Conforme Patricia, os tumores cerebrais são classificados como primário ou secundário, sendo que os primários iniciam no cérebro ou na coluna vertebral e raramente se espalham, enquanto os secundários são tumores encontrados no cérebro que começaram em outro lugar do corpo, como por exemplo, mama ou pulmões. “A maioria dos tumores cerebrais primários em adultos são gliomas, podendo ser classificados em astrocitomas e oligodendrogliomas. Os gliomas são classificados de I a IV de acordo com a rapidez com que se desenvolvem. Como regra geral, o tumor de menor grau é considerado menos agressivo, enquanto o de maior grau é o mais agressivo. Os tumores cerebrais secundários também são conhecidos como tumores cerebrais metastáticos, ou metástases cerebrais.
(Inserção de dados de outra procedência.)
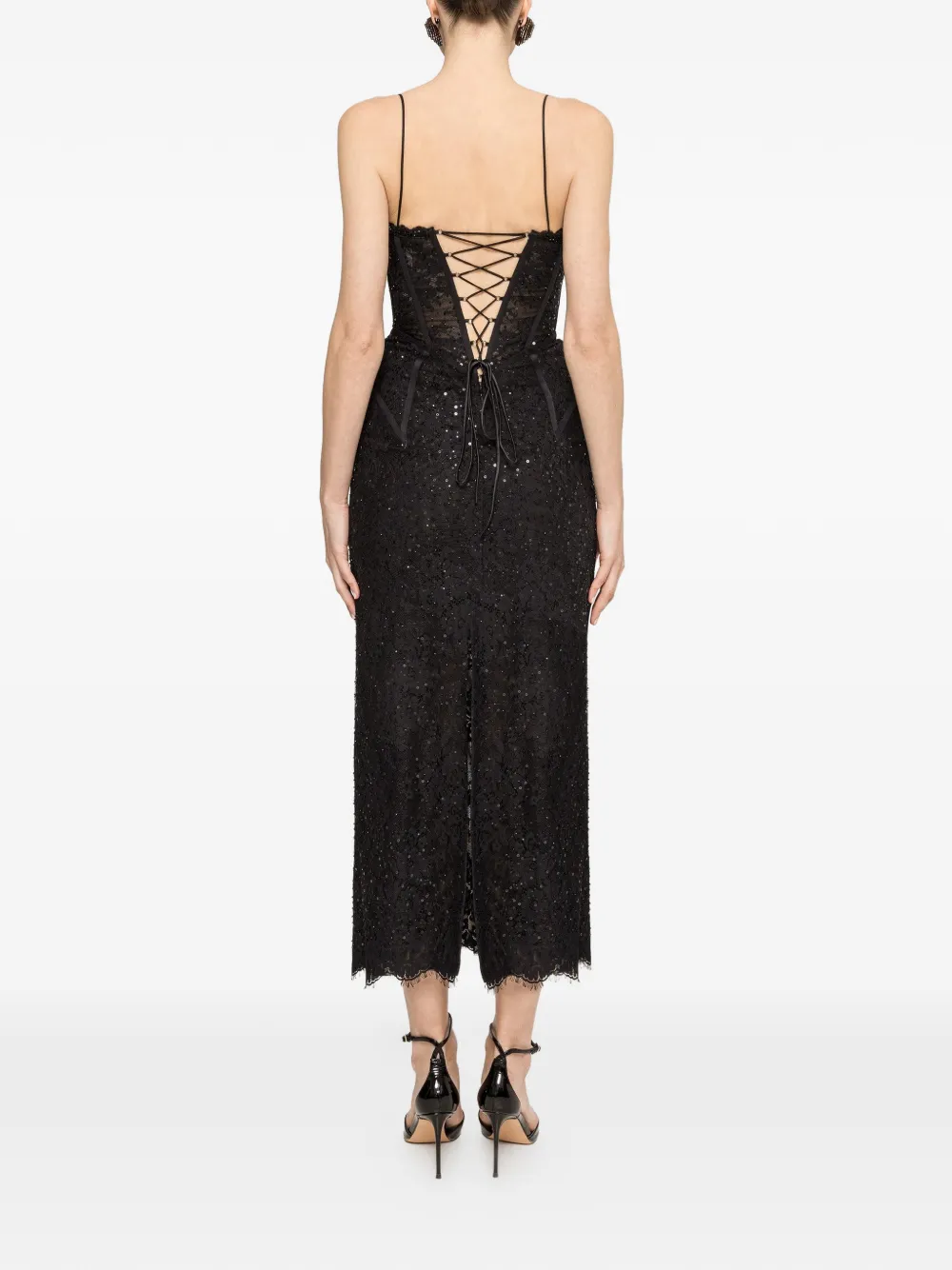 NISSA Midi-jurk met oversized heup en kant Zwart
Estes, são mais comuns do que os tumores cerebrais primários, sendo importante essa diferenciação porque eles não são tratados da mesma forma”, esclarece a especialista.
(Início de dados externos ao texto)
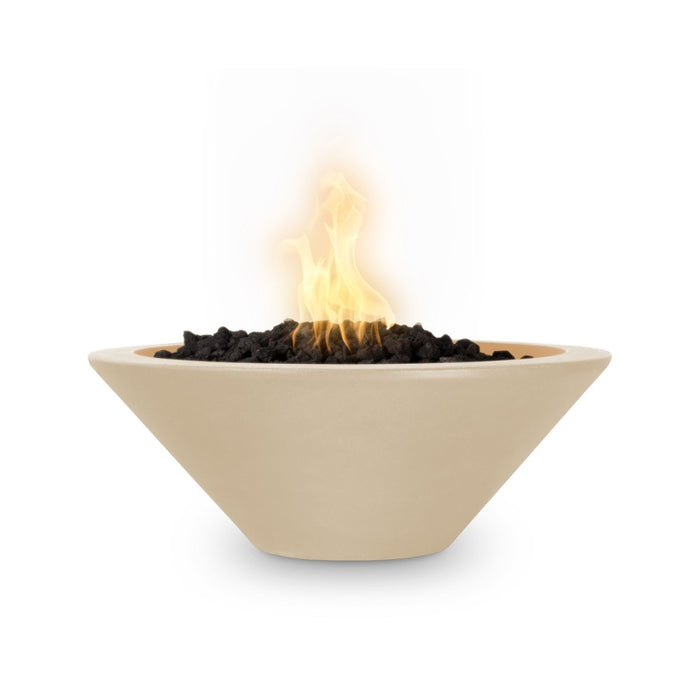 Charleston Fire Bowl - GFRC Concrete 31" Vanilla with Lava Rock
Em relação aos sinais e sintomas de tumores cerebrais, eles diferem de pessoa para pessoa e dependem da localização do tumor e do seu tamanho. Segundo Patricia, de modo geral, os tumores aumentam a pressão dentro do crânio, causando sintomas como dores de cabeça, náuseas, vômitos, tonturas, problemas de visão, audição e fala, dificuldade com o equilíbrio, sonolência e convulsões. “Para o diagnóstico é necessária uma avaliação dos sintomas e do exame clínico neurológico pelo médico, além de exames de imagem como tomografia e ressonância. A partir da suspeita, podem ser feitos mais exames para investigação de outras lesões e muitas vezes o diagnóstico será confirmado com uma análise no microscópio de um fragmento da lesão”.
O tratamento do tumor cerebral pode ser feito de diferentes formas, cirurgia, radioterapia e quimioterapia, sendo que, em muitos casos é feita a associação entre estas modalidades de tratamento. “Na maioria das vezes o manejo de tumores primários começa com a cirurgia. Dependendo do tamanho, local e tipo do tumor, pode ser realizada uma biópsia, remoção de um pedaço pequeno para análise, ou uma ressecção, remoção de grande parte do tumor. Após a cirurgia e a determinação do tipo de tumor, muitas vezes é recomendada a radioterapia”, destaca Patricia, concluindo que a quimioterapia pode ser utilizada isoladamente, em combinação com radioterapia ou após a radioterapia. Além disso, diferentes opções de quimioterapia estão disponíveis e o plano de tratamento dependerá de uma variedade de fatores.